Tracking the documents filed at each stage of the foreclosure process can be useful because it can provide an indication of whether borrowers and lenders are able to work out loan modifications, short sales, or take other steps to prevent the foreclosure process from being completed.
The percentage of lenders who are forced to take possession of a foreclosed property compared to initial notices of default and notices of sale, for example, can be an indication of a market’s strength or weakness.
The percentage of real estate-owned (REO) filings RealtyTrac reported for California in June was only about 11 percent — suggesting that lenders only end up taking possession of homes in one in 10 foreclosure filings.
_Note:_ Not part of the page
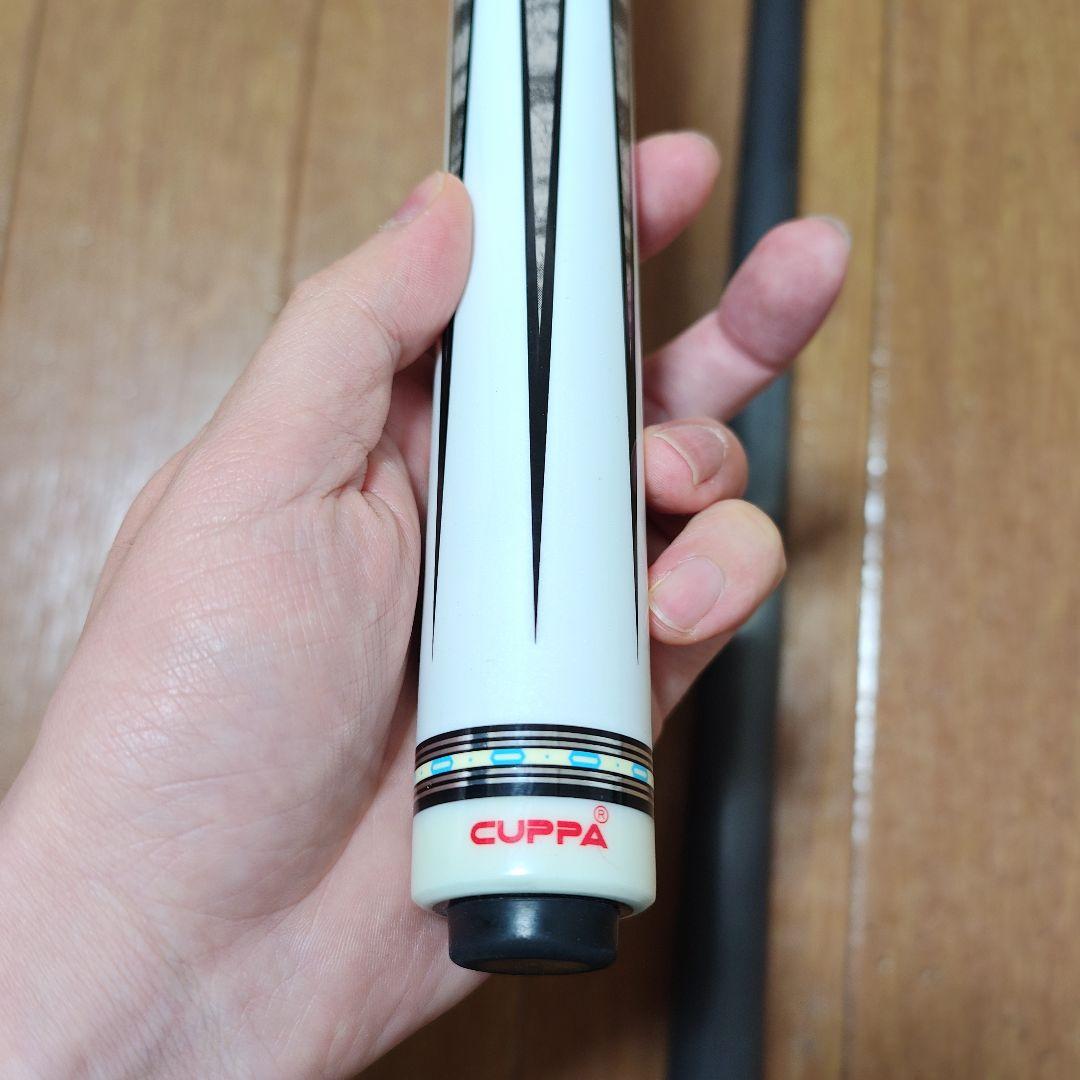 CUPPA ビリヤードカーボンキュー ケース付き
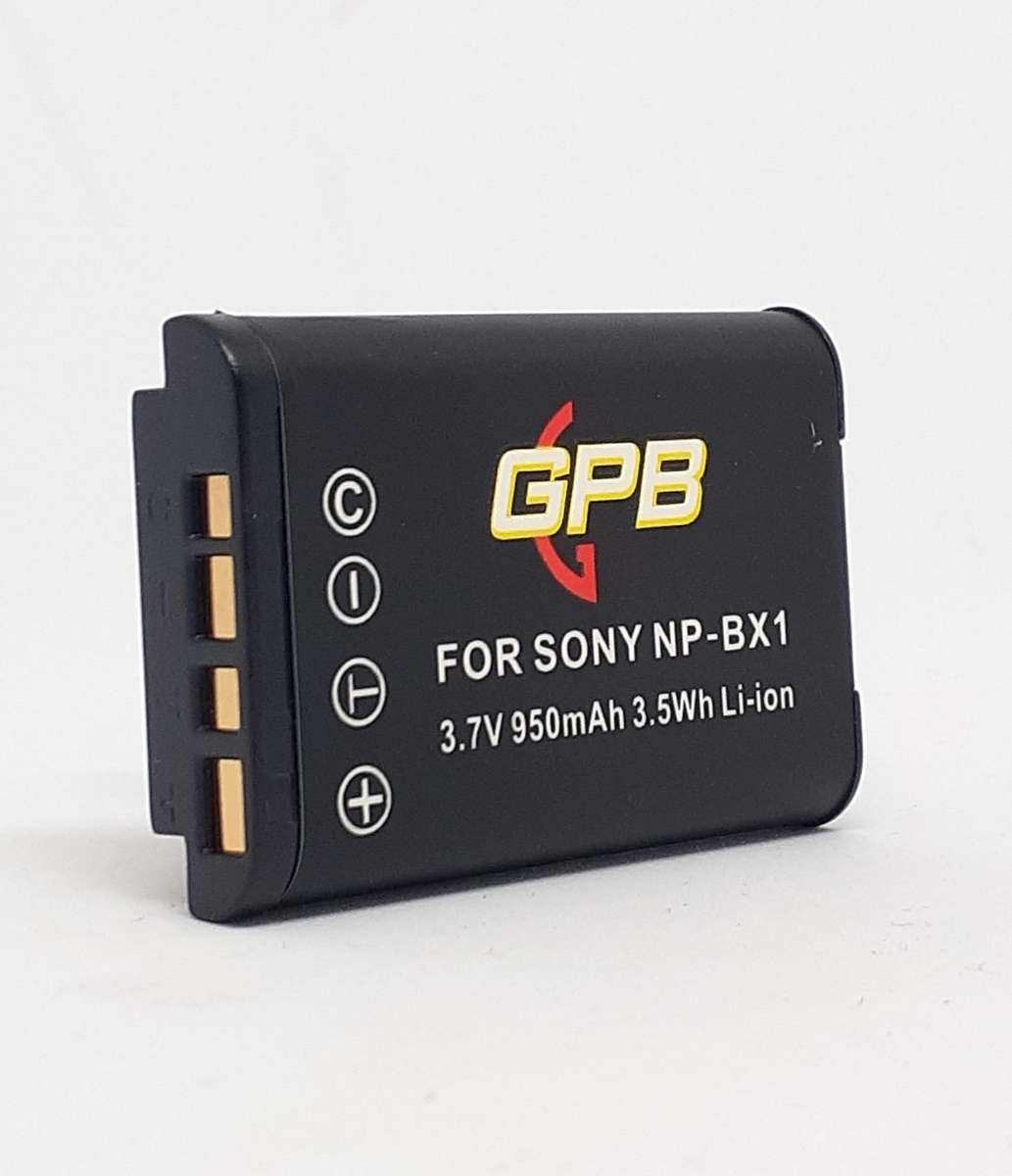 GPB Sony NP-BX1 Rechargeable Digital Camera Battery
About 71 percent of foreclosure filings in California were notices of default, and only 18 percent were notice of trustee sales — an indication that the market is strong enough for borrowers to refinance their debt or engage in workouts or short sales with lenders.
In Ohio, however, REO filings made up about 34 percent of total foreclosure filings, suggesting that lenders were having less success in conducting workouts with borrowers or auctioning properties off.
Sharga said the ability to look at unique households will also allow RealtyTrac to report the average number of foreclosure filings per property. That will provide another useful clue as to what’s happening to homes that enter the foreclosure process.
“If you are in a state like California, where (most) of the filings are initial notices of default, it would be unusual to see the average number of filings per property get above two,” Sharga said. “But it’s going to be another one of those statistics where you can argue whether a state with a high number of filings, with an average of 2.1 filings per property, is worse off than a state where there are a lower number of filings, but the average is 2.7 filings per property. That’s where the economists come in.”
That’s still a statistic, rather than a historical record of what happens to properties as they move through the foreclosure process. Getting that level of information will require more work on the back end of the database, Sharga said, and resolving the disparities in the ways records are kept at the state and county level.
“You’d think it would be straightforward to track a property all the way through the process, but with more than 3,000 counties, it’s a lot more difficult than it sounds,” Sharga said.